God is a Capitalist

Wednesday, August 14, 2024

National Conservatism needs better economics

 

Senator Josh Hawley made many excellent points in his speech at the recent National Conservatism Conference, especially on cultural issues. But his economics is lacking. For example, he said, 

“In the name of capitalism, these Republicans sang the praises of global integration while Wall Street bet against American industry and bought up single family homes—so that after the banks took the working man’s job, he couldn’t afford a house for his family to live in. Then Wall Street crashed that global economy—multiple times—and the housing market, and these same Republicans kept right on rhapsodizing. And subsidizing.”

Senator Hawley should know that the US hasn’t practiced capitalism for over a century. The country followed the principles of capitalism from before our founding until the creation of the Federal Reserve in 1913 that gave it the legal authority to counterfeit money. The Fed’s massive money printing in the 1920’s caused the unsustainable bubble of the roaring twenties that gave us the Great Depression when the bubble burst. Roosevelt’s New Deal and Johnson’s Great Society piled on the socialist policies that crushed what was left of capitalism. 

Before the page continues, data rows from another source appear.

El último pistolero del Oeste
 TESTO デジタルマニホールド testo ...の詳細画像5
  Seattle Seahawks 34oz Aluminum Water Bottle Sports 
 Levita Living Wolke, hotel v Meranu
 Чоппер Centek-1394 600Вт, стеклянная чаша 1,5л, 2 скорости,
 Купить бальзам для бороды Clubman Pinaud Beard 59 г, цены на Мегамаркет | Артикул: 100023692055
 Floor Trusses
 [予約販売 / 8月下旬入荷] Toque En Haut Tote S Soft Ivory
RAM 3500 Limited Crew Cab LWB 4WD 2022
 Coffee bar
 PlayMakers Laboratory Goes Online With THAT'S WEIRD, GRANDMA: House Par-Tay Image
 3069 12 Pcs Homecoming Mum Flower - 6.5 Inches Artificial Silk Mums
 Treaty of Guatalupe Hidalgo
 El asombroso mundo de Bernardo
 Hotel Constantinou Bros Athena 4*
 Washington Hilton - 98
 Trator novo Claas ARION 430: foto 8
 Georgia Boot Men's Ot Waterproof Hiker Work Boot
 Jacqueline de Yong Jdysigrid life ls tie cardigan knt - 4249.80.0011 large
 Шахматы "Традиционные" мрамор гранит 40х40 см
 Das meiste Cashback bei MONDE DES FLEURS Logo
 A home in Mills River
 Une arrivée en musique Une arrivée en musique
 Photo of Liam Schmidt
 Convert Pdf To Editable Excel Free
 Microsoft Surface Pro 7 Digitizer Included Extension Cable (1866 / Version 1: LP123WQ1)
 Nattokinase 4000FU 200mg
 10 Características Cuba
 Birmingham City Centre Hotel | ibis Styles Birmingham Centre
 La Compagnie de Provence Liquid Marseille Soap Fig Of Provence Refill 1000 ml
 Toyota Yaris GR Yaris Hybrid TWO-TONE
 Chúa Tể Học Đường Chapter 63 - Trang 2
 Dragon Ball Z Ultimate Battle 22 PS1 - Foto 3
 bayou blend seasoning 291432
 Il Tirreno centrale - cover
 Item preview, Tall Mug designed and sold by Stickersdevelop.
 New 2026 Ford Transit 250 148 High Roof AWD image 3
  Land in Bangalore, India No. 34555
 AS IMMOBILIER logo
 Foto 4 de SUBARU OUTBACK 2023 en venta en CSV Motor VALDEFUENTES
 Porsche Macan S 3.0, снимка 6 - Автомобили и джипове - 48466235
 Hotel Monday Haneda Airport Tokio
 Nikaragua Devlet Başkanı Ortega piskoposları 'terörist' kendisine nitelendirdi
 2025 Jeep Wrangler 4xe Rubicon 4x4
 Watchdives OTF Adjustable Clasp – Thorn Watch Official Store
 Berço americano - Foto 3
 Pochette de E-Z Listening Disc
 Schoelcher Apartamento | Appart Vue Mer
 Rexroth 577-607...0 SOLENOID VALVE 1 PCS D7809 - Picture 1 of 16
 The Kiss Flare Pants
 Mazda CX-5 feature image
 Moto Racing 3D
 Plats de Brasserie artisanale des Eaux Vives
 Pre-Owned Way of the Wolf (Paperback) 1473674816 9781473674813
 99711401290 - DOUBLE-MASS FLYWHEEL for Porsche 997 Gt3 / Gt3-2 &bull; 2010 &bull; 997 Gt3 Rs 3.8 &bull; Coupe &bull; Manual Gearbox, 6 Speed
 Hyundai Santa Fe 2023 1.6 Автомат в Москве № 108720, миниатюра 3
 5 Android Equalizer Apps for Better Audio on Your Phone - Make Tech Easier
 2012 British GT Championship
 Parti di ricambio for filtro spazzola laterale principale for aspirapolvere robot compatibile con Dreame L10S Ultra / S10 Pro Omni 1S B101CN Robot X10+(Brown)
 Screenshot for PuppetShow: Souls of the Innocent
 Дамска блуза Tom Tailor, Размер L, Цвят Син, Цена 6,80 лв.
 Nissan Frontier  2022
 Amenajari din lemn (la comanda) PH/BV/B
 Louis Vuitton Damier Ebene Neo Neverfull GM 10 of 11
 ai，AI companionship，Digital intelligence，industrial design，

In the late 1980’s, no economist referred to the US as capitalist. At best, it was a mixed economy. The mainstream media and socialist historians began referring to the US economy as wild west, no holds barred capitalism only after Reagan had removed federal price controls on transportation and banking. Since then, the Federal Register containing only new regulations has grown by over 75,000 pages per year. Such massive regulation of the economy is the opposite of capitalism. 

I consider the founding of the Fed to mark the beginning of the end of capitalism in the US because the Fed has caused enormous damage to the country. It has been responsible for jobs going overseas, trade deficits and high housing prices. When the Fed prints more money than Americans want to hold as cash, consumers use part of the excess to buy imported goods, thus sending jobs overseas. But part of the money goes to buying houses and driving up prices beyond what younger Americans can afford. As the great Milton Fridman used to say, inflation is always a monetary phenomenon. 

The Fed’s policies has caused boom and bust cycles like the country never experienced before. At no time before 1913 did the US suffer a depression like the Great one or a recession like the Great Recession of 2008. 

Fed inflationary policies increase inequality because the new money it prints goes first to the financial services industry, before prices rise. The working poor receive the new money last, after prices have risen, which impoverishes them. Plus, the recessions caused by unsustainable booms hurt the poor most as many lose their jobs for long periods and deplete their meager savings. 

Hawley complained about jobs going overseas and the high cost of housing. But he should know that freer trade barriers did not cause US jobs to flea overseas. Unions, high taxes and high healthcare costs caused by federal regulations forced many to find places with lower costs of production. 

Senator Hawley’s history needs updated, too, for capitalism is Christian economics. Theologians at the University of Salamanca distilled the principles of capitalism from natural theology and the Bible during the Reformation. The Dutch Republic implemented them and became the first capitalist nation according to Adam Smith who wrote in Wealth of Nations that the Dutch had most fully implemented his system of natural liberty. England followed a century later, then its colonies. 

Senator Hawley said, “…we must recover the principles of our Christian political tradition now for the sake of our future.” Capitalism is part of that Christian tradition. Christianity gave birth to the principles of capitalism. Nineteenth century America followed free market policies in part because the most popular economics textbook for most of the century promoted laissez-faire economics.  Written by the Baptist theologian and president of the Baptist school Brown University, Francis Wayland grounded his economics in natural law and the Bible.  

The US faces many economic challenges, but all issue from a century of creeping socialism, not capitalism.